# Detector de llama UV



## ElPack (Feb 28, 2010)

Hola compañeros.

Estoy desarrollando una aplicación para controlar el encendido de unos quemadores de gas para un horno industrial, y el detector de la llama utiliza una lámpara de UV de cuatro pines y con la siguiente referencia:

                                  Sylvania P607.105

He estado navegando por internet, pero apenas he encontrado información sobre la misma.

¿Alguien conoce este tipo de lámpara? Si es así, agradecería que me facilitara la información técnica que posea.

De antemano mil gracias.

Saludos
ElPack


----------



## Fogonazo (Feb 28, 2010)

Encarar un proyecto en base a un componente difícil de conseguir no es muy lógico.
¿ Que función cumple tu lámpara ?
¿ No se puede reemplazar por LED´s Ultravioletas?


----------



## zorattigm (Mar 2, 2010)

Estimado:

Podrias facilitarnos el modelo y marca de tu detector de llama

Muchas Gracias

Gabriel


----------



## ElPack (Mar 3, 2010)

El modelo es el CR-36, y la empresa que la comercializa en España es APQ.

De todas formas, ya he encontrado algo equivalente que me ha servido.

Gracias.


----------



## DOSMETROS (Mar 3, 2010)

. . . claro , es un sensor (receptor) no una lámpara (emisora) de UV . . .


----------



## marioearce (Jul 27, 2012)

Buenas!!

Mi consulta es esta 

Me estoy armando un quemador para fundir aluminio y en el control de falla de flama (que no es honeywell) voy a utilizar un sensor UV honeywell c7027A, tengo entendido que tengo que amplificar la señal para que me lo lea el control, yo consegui para amplificar la señal un componente honeywell R7290A1001 pero no supe como conectarlo o hacer que me funcione correctamente mis preguntas son:

1 como conecto el sensor uv al amplificador que menciono anteriormente ( si alguien lo ha intentado alguna vez) 

2 si alguien tiene el diseño de un amplificador que me funcione con este sensor se lo agradeceria mucho que me envie los planos 

muchas gracias


----------



## DOSMETROS (Jul 27, 2012)

Los sensores ópticos de llama tienen el problema de ensuciarse con hollín , y por eso comunmente se aplican por ionizacion.

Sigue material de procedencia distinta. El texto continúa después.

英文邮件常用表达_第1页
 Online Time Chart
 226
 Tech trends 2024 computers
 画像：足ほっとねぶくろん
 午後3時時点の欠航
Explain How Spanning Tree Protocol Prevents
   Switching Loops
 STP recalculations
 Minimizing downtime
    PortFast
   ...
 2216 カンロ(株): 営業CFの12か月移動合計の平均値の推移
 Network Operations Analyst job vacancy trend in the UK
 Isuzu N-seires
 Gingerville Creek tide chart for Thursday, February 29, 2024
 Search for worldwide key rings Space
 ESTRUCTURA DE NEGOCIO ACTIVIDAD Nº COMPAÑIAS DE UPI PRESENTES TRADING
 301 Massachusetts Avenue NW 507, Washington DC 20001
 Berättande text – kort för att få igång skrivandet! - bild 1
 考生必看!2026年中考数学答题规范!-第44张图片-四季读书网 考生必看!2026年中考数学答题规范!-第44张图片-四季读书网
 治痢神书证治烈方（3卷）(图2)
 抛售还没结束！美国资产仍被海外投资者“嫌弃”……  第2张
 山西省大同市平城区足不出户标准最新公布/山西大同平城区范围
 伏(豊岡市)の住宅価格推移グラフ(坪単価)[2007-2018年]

https://www.forosdeelectronica.com/search.php?cx=partner-pub-2315955773772045%3A6dec67-l8wx&cof=FORID%3A10&ie=ISO-8859-1&q=sensor+de+llama&sa=Buscar&siteurl=www.forosdeelectronica.com%2Ff19%2Fpuente-h-mosfet-n-66343%2Findex2.html&ref=www.forosdeelectronica.com%2Ff19%2Fpuente-h-mosfet-n-66343%2F&ss=3680j1064200j15

Saludos !


----------



## bcq veron (Nov 3, 2012)

El sensor C7047A Minipeeper Uktraviolet Flame  Detector es la foto celda ultravioleta,
Honeywell lo mismo que el amplificador R7290 A 1001 con 3 segundos de respuesta de flama, para húsar en los controles primarios de flama R4795A, D.
Perdón mi pregunta es cual protecto relevador que no es Honeywell, de que marca y modelo.
Saludos Cordiales


----------